— The problem —
Up to and including the final line, retype each line of the records below, starting with the one that contains "Well-lit bathroom featuring".

Records from a collection:
----------

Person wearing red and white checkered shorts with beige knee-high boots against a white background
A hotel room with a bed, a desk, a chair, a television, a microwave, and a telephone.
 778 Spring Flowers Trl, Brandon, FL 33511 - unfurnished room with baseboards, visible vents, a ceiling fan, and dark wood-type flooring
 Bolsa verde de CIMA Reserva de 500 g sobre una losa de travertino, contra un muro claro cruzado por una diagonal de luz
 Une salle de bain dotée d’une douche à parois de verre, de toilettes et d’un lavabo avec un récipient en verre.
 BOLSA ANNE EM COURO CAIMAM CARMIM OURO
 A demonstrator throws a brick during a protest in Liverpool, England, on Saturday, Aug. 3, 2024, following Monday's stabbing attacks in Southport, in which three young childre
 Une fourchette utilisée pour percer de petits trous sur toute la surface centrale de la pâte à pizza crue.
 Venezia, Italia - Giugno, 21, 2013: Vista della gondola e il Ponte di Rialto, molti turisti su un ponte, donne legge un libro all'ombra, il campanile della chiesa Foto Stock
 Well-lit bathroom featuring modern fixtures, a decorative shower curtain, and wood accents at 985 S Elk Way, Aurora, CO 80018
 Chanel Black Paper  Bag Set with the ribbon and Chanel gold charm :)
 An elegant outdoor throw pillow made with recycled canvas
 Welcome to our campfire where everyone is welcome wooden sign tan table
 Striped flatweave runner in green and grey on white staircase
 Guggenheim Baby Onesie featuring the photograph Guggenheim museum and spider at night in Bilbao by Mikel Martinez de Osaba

----------

— Task result —
 Well-lit bathroom featuring modern fixtures, a decorative shower curtain, and wood accents at 985 S Elk Way, Aurora, CO 80018
 Chanel Black Paper  Bag Set with the ribbon and Chanel gold charm :)
 An elegant outdoor throw pillow made with recycled canvas
 Welcome to our campfire where everyone is welcome wooden sign tan table
 Striped flatweave runner in green and grey on white staircase
 Guggenheim Baby Onesie featuring the photograph Guggenheim museum and spider at night in Bilbao by Mikel Martinez de Osaba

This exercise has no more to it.